▶ **What to produce**
What you output must be the exact lines from the first line of the data through the one holding "Katasztrófavédelem", with no pictures.

(Captioned web images)
..............................

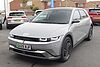 Hyundai IONIQ 5 168kW Ultimate 84 kWh 5dr Auto Grey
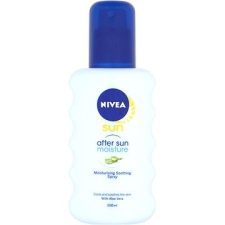 Nivea hidratáló napozás utáni spray-200 ml dezodor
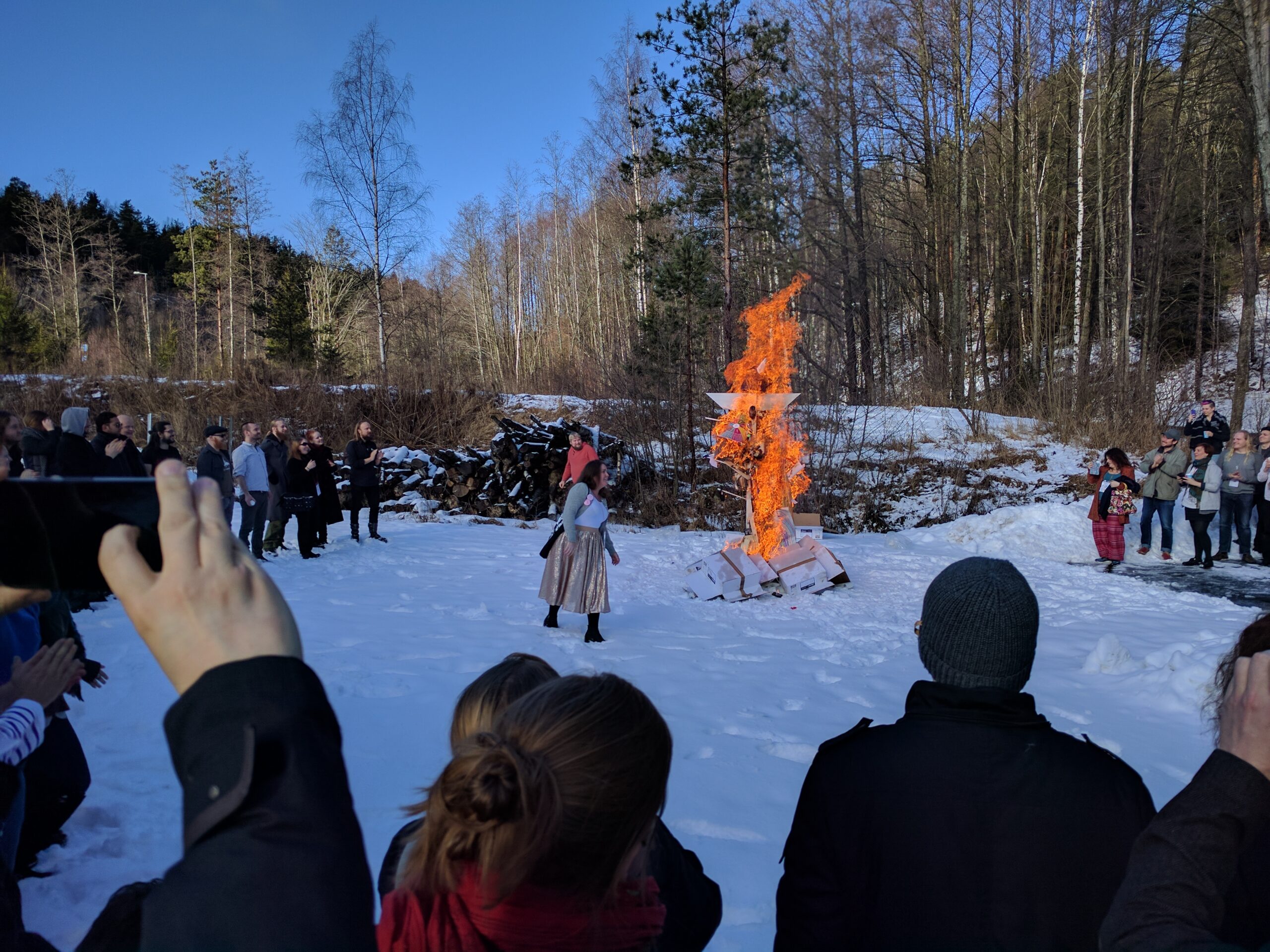 Knutepunkt 2017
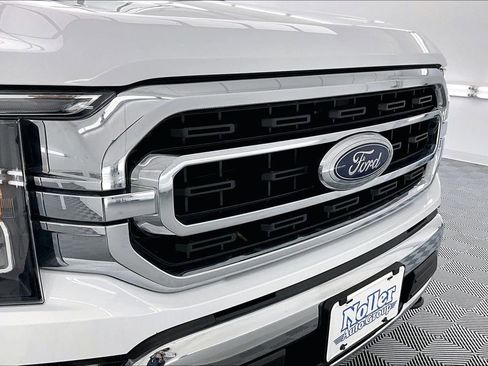 Certified 2023 Ford F150 XLT w/ Equipment Group 302A High AWD/4WD image 29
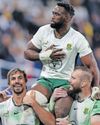 How the Boks turned Paris win into a proof of culture How the Boks turned Paris win into a proof of culture42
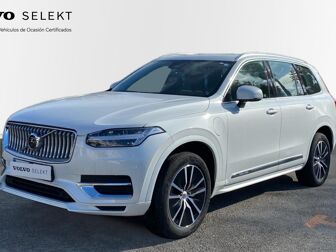 Imagen de VOLVO XC90 T8 Core AWD Aut.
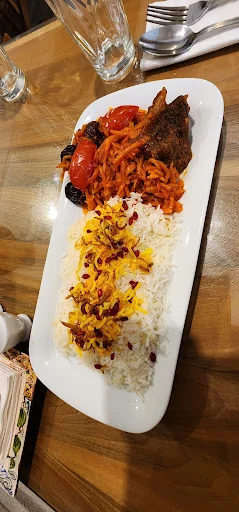 هتل آپارتمان ارس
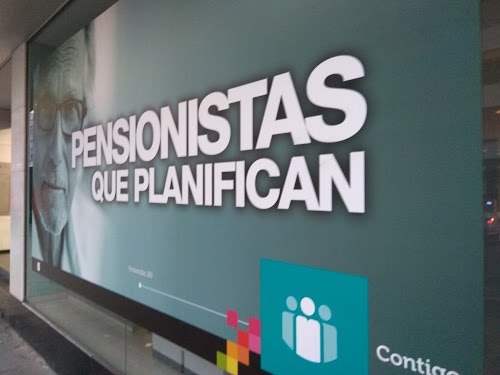 Foto de Cajamar Caja Rural
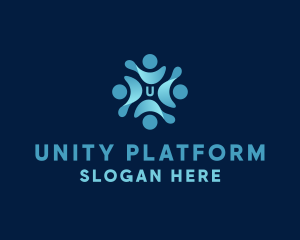 People Group Society logo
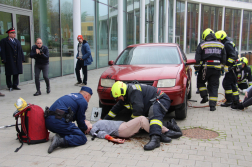 Katasztrófavédelem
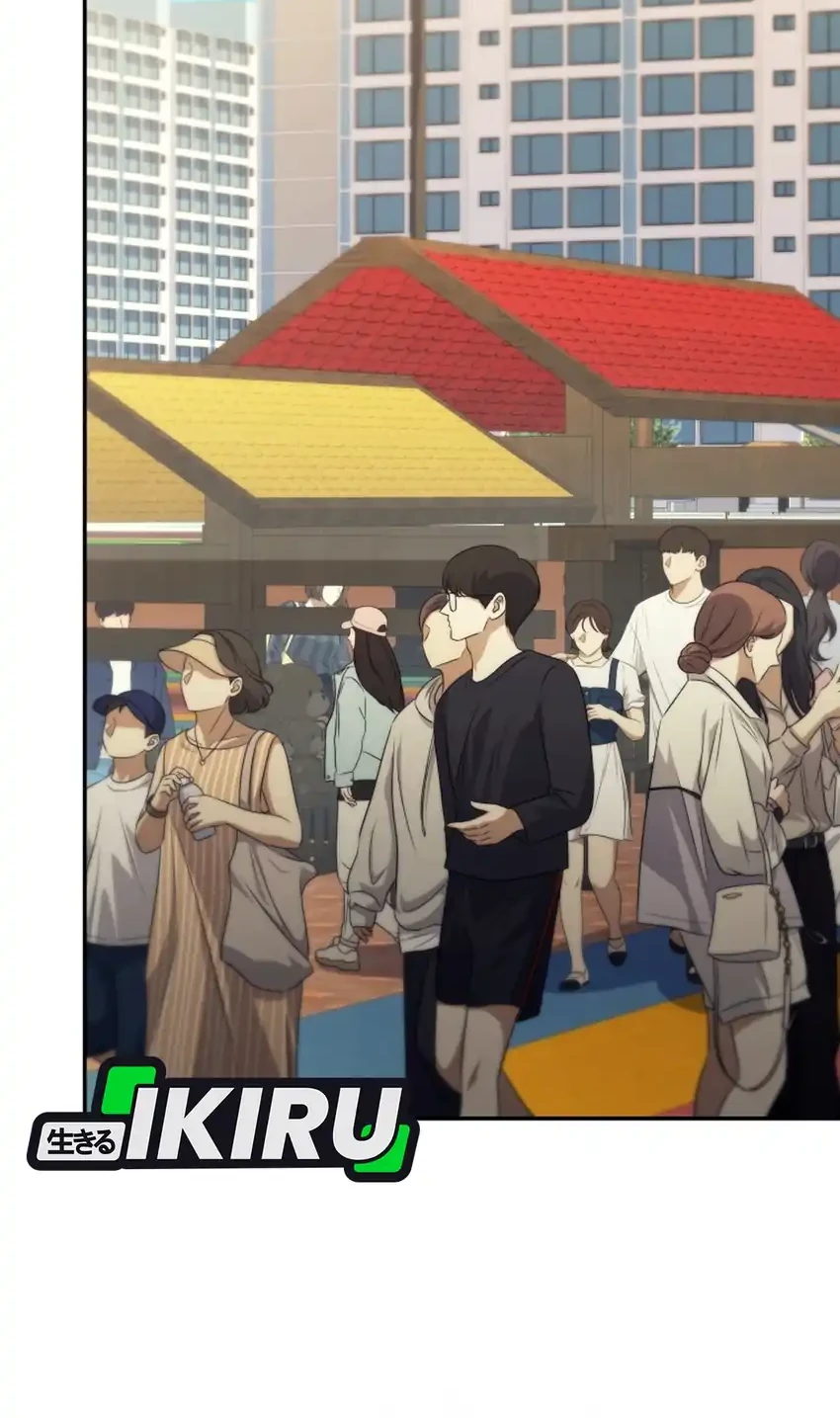 Bizarre Restaurant Chapter 93 - halaman 94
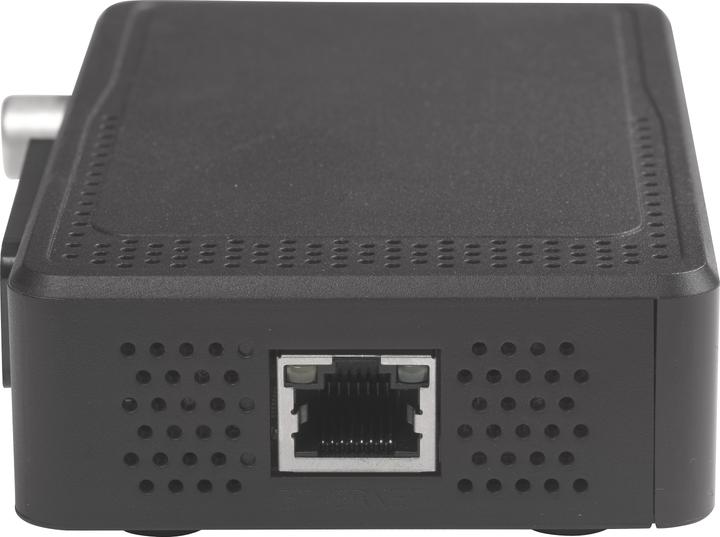 Actual product image Nedis DTB-148 (DVB-T2, CI Shaft)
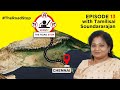 The Road Stop | Episode 13 | Tamilisai Soundararajan | 2024 Campaign Trail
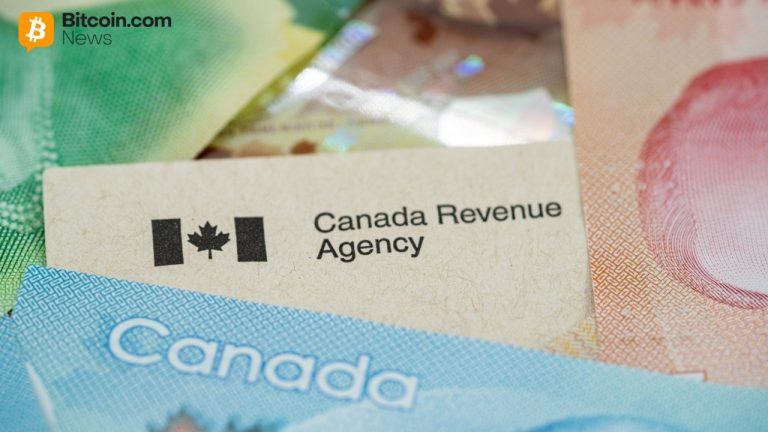 Canadian Tax Agency Collects M in Crypto Back Taxes, Struggles to Secure Criminal Charges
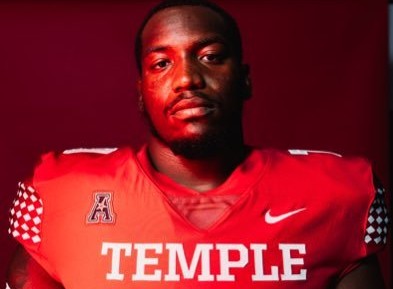 Aviators Add Guard Wisdom Quarshie After Recent Line Move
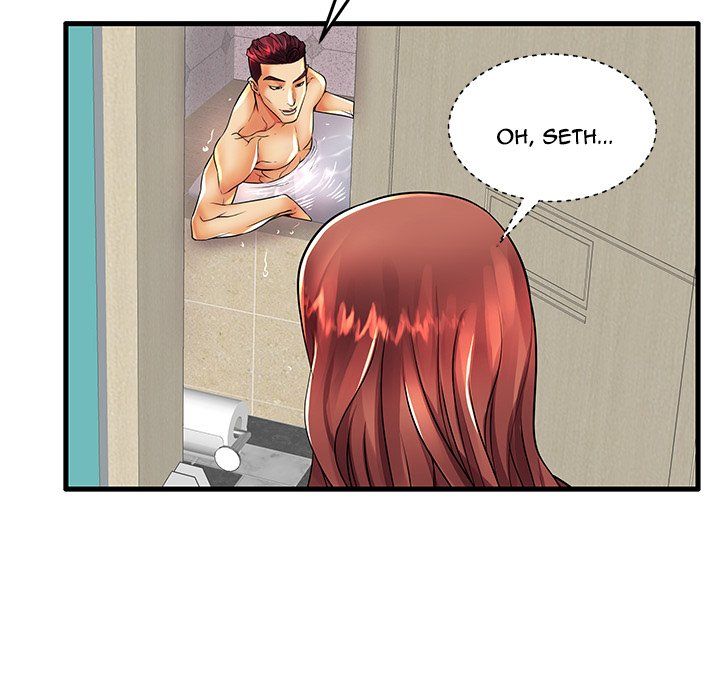 Bad Parenting Manhwa - Chapter 13 Page 80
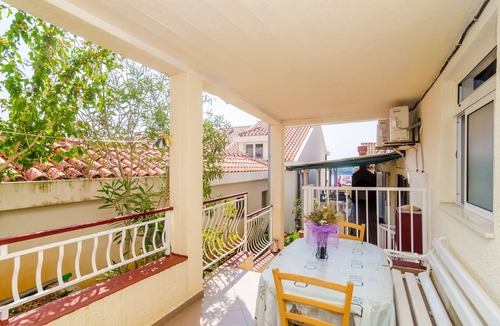 Molunat Apartment | Apartments Rašica Molunat - Two Bedroom Apartment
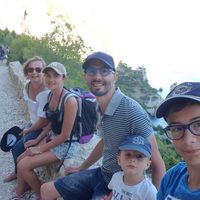 Maison bretonne entre Terre et Mer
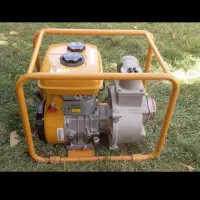 موتور اب روبین 3 اینچ اصل ژاپن بنزینی و نفتی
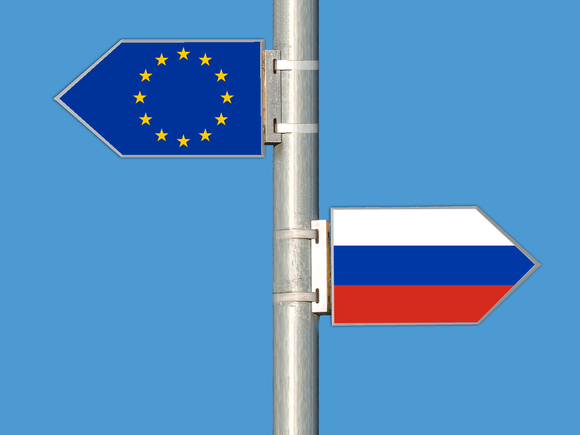 Брюссель оставляет двусторонние контакты с Россией на усмотрение стран союза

..............................

▶ **Output for this task**
 Hyundai IONIQ 5 168kW Ultimate 84 kWh 5dr Auto Grey
 Nivea hidratáló napozás utáni spray-200 ml dezodor
 Knutepunkt 2017
 Certified 2023 Ford F150 XLT w/ Equipment Group 302A High AWD/4WD image 29
 How the Boks turned Paris win into a proof of culture How the Boks turned Paris win into a proof of culture42
 Imagen de VOLVO XC90 T8 Core AWD Aut.
 هتل آپارتمان ارس
 Foto de Cajamar Caja Rural
 People Group Society logo
 Katasztrófavédelem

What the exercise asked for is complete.